** Source records follows **
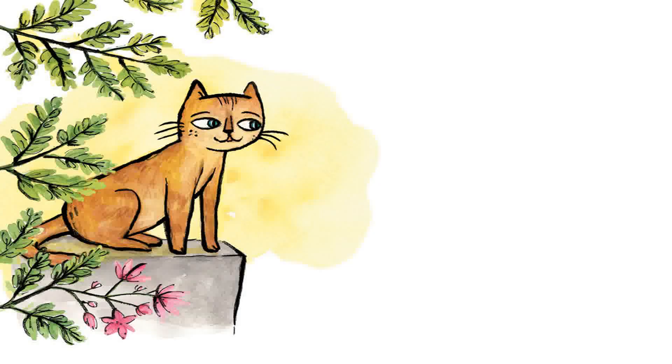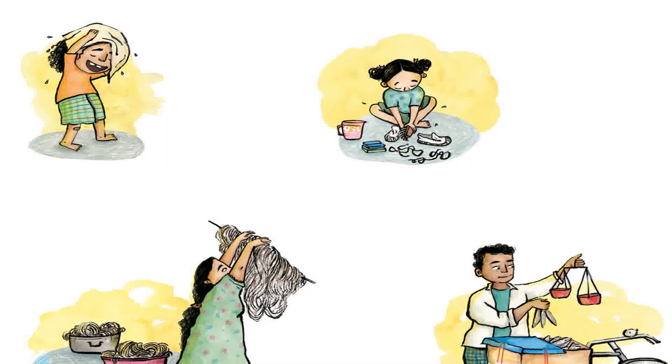Shanti loves to sit in sunny patches. Her favorite spot is on the wall by the gate. From here she can see Tapen's mother drying clothes, Arca washing her sports shoes, Tapen drying his hair, and Vijay selling fish.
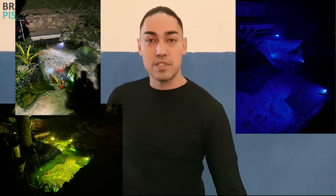A gente vai colocar aqui alguns exemplos durante o vídeo de lagos que já possuem essa tecnologia, para vocês verem que o efeito fica bem legal, principalmente durante a noite. A gente também vai instalar aqui na nossa piscina natural, que a gente está montando aqui de mostruário para vocês virem visitar aqui na nossa indústria.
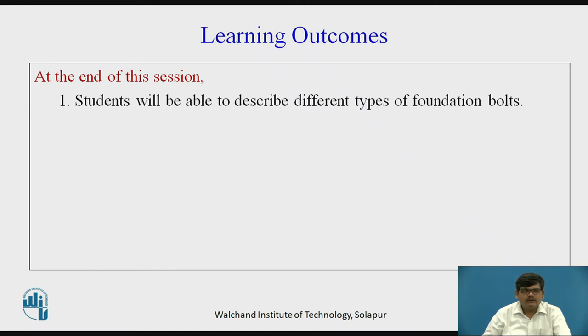At this moment I suggest you to pause the video and think over the different mounting of the machines that you have seen — heavy machines specifically lathe and other machines — how they are being mounted on the ground. Recall the method, recall the structure that is being formed below the machines.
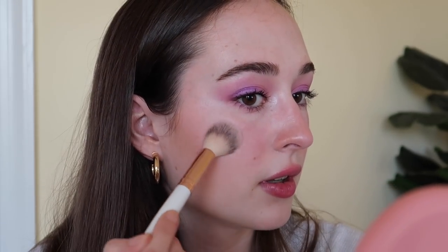I lightly blotted it with some tissue and now I think it's a really pretty purple color for spring. To finish it off I'm going to use a little bit of Wet n Wild Mega Glow Highlight in 'Blossom Glow.' The serum already made my cheeks super dewy, but I feel like this pinky-toned highlight works really well. I'm also going to put some in the center of my eyelids to reflect some light — I think that looks so cute.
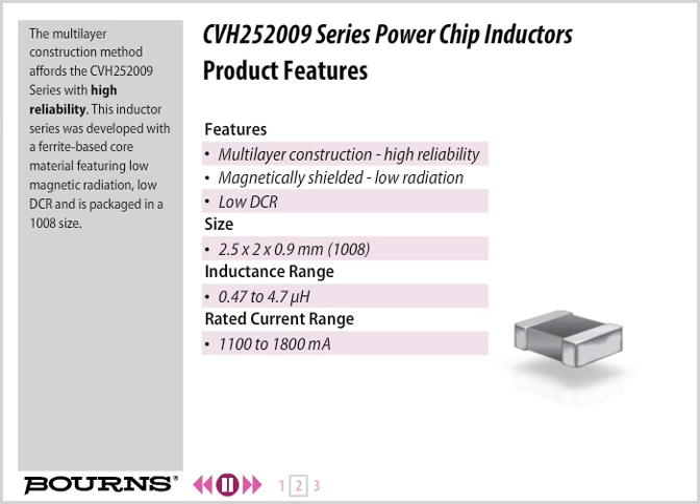The multi-layer construction method affords the CVH252009 Series with high reliability. This inductor series was developed with a ferrite-based core material featuring low magnetic radiation, low DCR, and is packaged in a 1008 size.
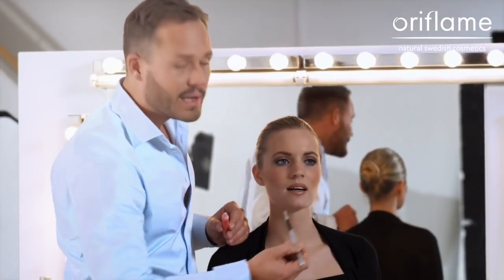When you choose lipsticks at home, don't be afraid to experiment. You're going to be surprised at how many shades actually fit you.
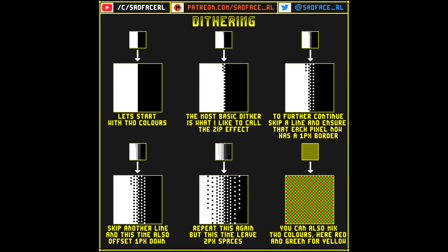Hey guys, I've got another tutorial for you here. You can find this tutorial in the link below. I'm going to go through an easy dithering technique with you. This is as basic as it gets.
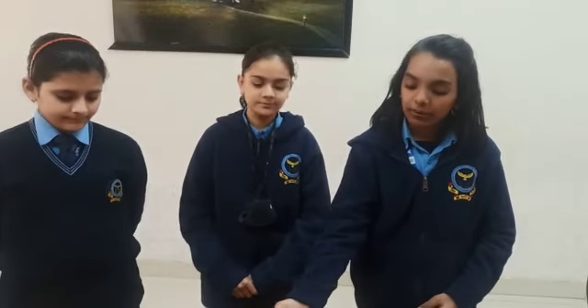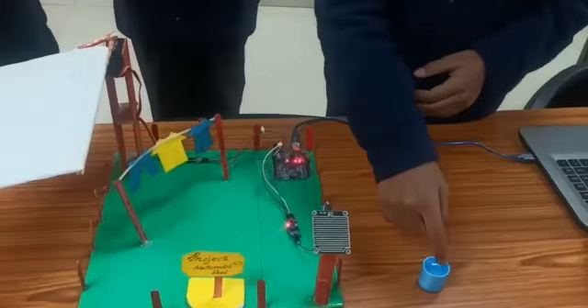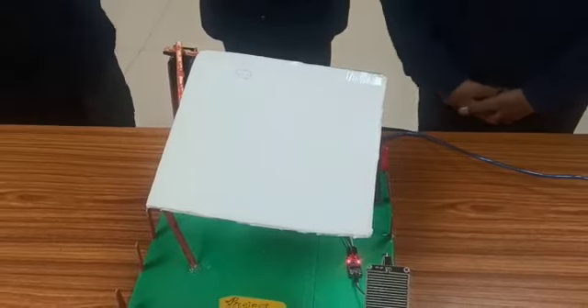Let us see how our model works. This is the raindrop sensor. Let's put some water on it. And this is how our shed is closed. Thank you for watching our project and I hope you liked it. Thank you.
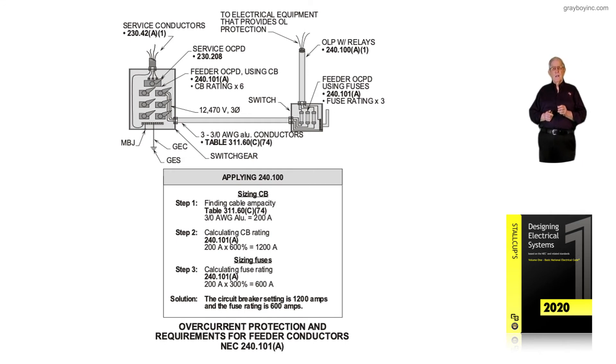Under 240.101a — we were referenced from 450.3 if it was a transformer — we'd look at that exception. But for that CB, the 600% rule is applicable. So that circuit breaker could be sized, if need be, to 1200 amps.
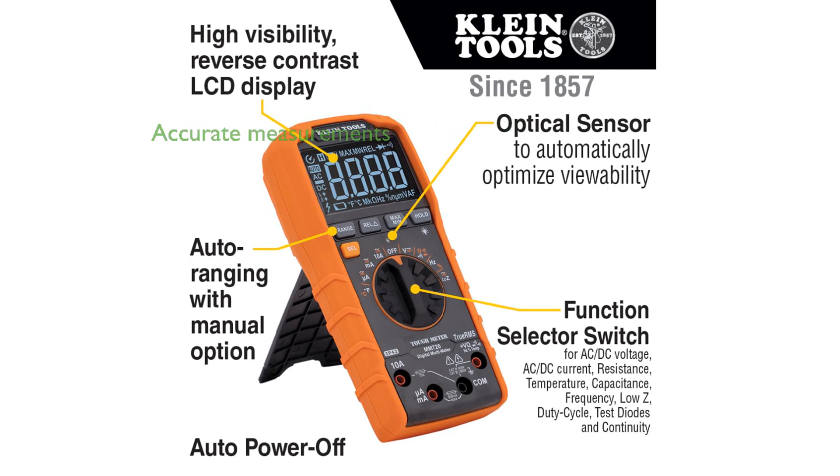Auto-ranging and true root mean squared technology provide precise and accurate measurements, making it reliable for both professional and personal use. The multimeter includes convenient features like test lead holders,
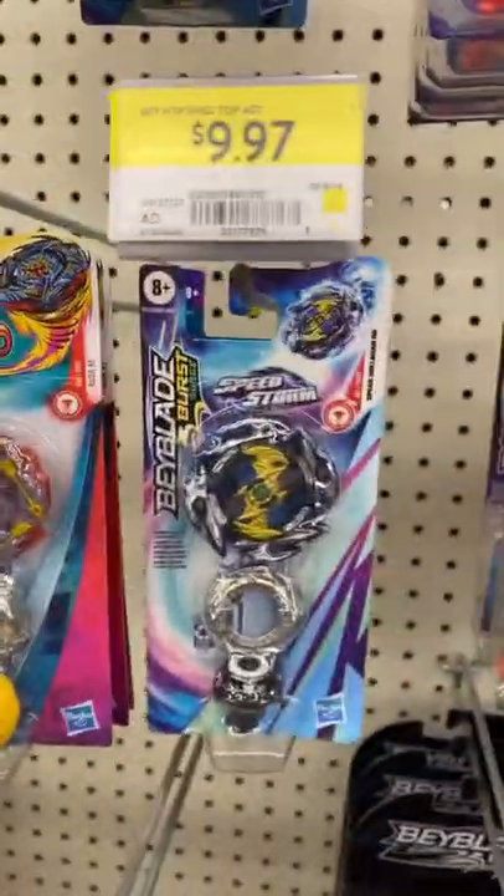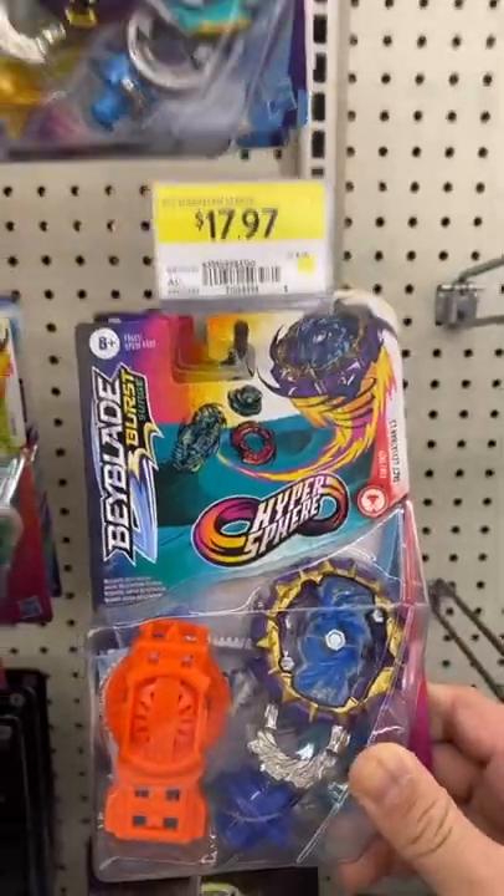Stay the hell away from these — the Hyperspheres, they're trash. How are they selling this for $18? And it's a Hypersphere. That's the best way to get into Beyblades.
** End of Source records **
Task details ▸
Beginning at the line above that contains "At this moment" and going on through the line that contains "Auto-ranging and true", please copy every line exactly, leaving the pictures out and adding nothing.

Task result ▸
At this moment I suggest you to pause the video and think over the different mounting of the machines that you have seen — heavy machines specifically lathe and other machines — how they are being mounted on the ground. Recall the method, recall the structure that is being formed below the machines.
I lightly blotted it with some tissue and now I think it's a really pretty purple color for spring. To finish it off I'm going to use a little bit of Wet n Wild Mega Glow Highlight in 'Blossom Glow.' The serum already made my cheeks super dewy, but I feel like this pinky-toned highlight works really well. I'm also going to put some in the center of my eyelids to reflect some light — I think that looks so cute.
The multi-layer construction method affords the CVH252009 Series with high reliability. This inductor series was developed with a ferrite-based core material featuring low magnetic radiation, low DCR, and is packaged in a 1008 size.
When you choose lipsticks at home, don't be afraid to experiment. You're going to be surprised at how many shades actually fit you.
Hey guys, I've got another tutorial for you here. You can find this tutorial in the link below. I'm going to go through an easy dithering technique with you. This is as basic as it gets.
Let us see how our model works. This is the raindrop sensor. Let's put some water on it. And this is how our shed is closed. Thank you for watching our project and I hope you liked it. Thank you.
Under 240.101a — we were referenced from 450.3 if it was a transformer — we'd look at that exception. But for that CB, the 600% rule is applicable. So that circuit breaker could be sized, if need be, to 1200 amps.
Auto-ranging and true root mean squared technology provide precise and accurate measurements, making it reliable for both professional and personal use. The multimeter includes convenient features like test lead holders,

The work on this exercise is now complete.